A characterization of adaptive mutations in yeast Gerstein, Aleeza C.

Abstract

Natural selection acts on phenotypes within populations, yet it is allele frequency changes at the genetic level that enable adaptation. To properly understand the evolutionary process we thus need to understand how the genotypic and external environments affect beneficial mutations and, in turn, affect the fitness of individuals. In this thesis I used the budding yeast, Saccharomyces cerevisiae to explore the genotypic basis, phenotypic diversity, and fitness effects of beneficial mutations in a variety of genotypic and external environments. I first describe fitness experiments designed to elucidate the factor that allowed diploid mutants to overtake haploid populations during batch culture evolution. I compared haploid and diploid lines isolated at many time points using multiple growth phase and competitive fitness assays, yet diploids failed to demonstrate an advantage for any measure. I then conducted a related set of experiments that compared the rate of adaptation of haploid and diploid populations across seven different environments. I found that although haploid populations adapted faster than diploids in all environments, there was considerable variation between ploidy populations and among environments. Experimental evolution results can be difficult to explain without knowledge of the specific mutations involved. The remainder of this thesis thus focused on a set of 20 unique beneficial mutations I acquired that confer tolerance to nystatin, a fungicide.
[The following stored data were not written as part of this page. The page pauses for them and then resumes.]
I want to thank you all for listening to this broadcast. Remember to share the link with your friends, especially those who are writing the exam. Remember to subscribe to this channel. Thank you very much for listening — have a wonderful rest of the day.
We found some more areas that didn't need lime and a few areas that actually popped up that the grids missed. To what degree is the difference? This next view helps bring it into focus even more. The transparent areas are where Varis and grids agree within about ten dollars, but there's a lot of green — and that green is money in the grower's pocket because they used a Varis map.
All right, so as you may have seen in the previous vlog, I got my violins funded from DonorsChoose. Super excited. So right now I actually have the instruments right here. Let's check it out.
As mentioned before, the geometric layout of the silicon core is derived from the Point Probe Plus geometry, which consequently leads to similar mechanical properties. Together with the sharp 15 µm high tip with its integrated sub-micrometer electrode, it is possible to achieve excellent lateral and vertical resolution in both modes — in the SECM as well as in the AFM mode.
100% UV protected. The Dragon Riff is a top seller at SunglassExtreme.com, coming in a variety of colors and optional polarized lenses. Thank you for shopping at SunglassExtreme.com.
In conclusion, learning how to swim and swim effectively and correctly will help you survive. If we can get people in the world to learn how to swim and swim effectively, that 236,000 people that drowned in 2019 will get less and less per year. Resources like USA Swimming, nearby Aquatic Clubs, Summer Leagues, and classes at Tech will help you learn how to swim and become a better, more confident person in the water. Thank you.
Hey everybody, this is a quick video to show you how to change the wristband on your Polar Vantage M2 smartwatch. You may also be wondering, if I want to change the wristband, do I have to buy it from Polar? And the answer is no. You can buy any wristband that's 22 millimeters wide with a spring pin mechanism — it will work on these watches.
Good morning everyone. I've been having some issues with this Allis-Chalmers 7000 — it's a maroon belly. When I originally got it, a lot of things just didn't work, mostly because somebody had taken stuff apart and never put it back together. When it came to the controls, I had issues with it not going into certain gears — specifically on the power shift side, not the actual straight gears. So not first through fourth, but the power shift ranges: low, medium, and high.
The mutations are in four different genes that act close together late in the ergosterol biosynthesis pathway. Although the genetic basis of adaptation was narrow, lines that carried mutations in different genes were not equally tolerant to nystatin and were found to exhibit different gene-by-environment interactions. Surprisingly, the mutations had a larger effect size in nystatin in a haploid background than in a homozygous diploid background. I then show that the dominance of these mutations (i.e., the degree to which mutations in a heterozygote behave like wildtype) was not constant between environments. Heterozygotes grew stochastically under nystatin stress, and resequencing uncovered rapid and pervasive loss of heterozygosity. Combined, this work demonstrates that both ploidy and the environment can have a large influence on the effect of beneficial mutations and illustrates the often-dynamic nature of evolution.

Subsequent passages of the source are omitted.